[AVAILABLE DATA — start]
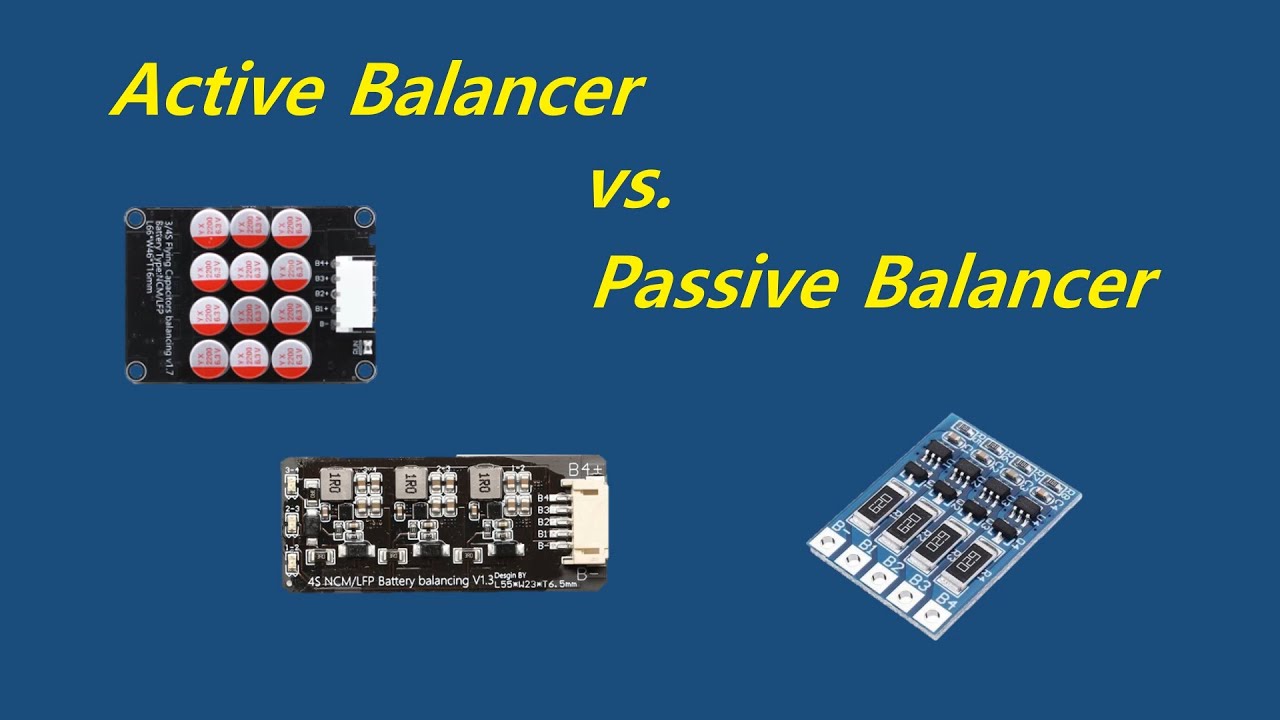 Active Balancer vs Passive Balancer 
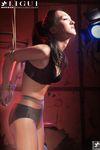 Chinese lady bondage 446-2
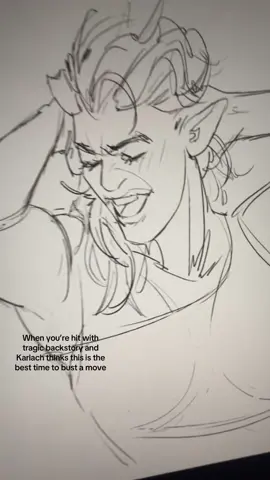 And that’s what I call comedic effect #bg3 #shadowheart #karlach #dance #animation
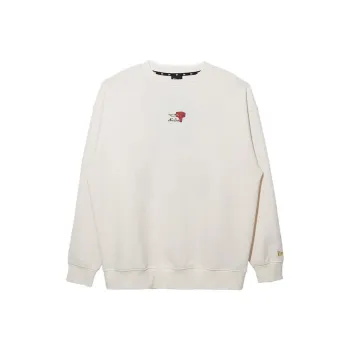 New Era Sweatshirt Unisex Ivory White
[AVAILABLE DATA — finish]
* [EXERCISE DETAILS]: Excluding all images, transcribe the material word for word.

* [ANSWER TO THIS PROBLEM]:
 Active Balancer vs Passive Balancer 
 Chinese lady bondage 446-2
 And that’s what I call comedic effect #bg3 #shadowheart #karlach #dance #animation
 New Era Sweatshirt Unisex Ivory White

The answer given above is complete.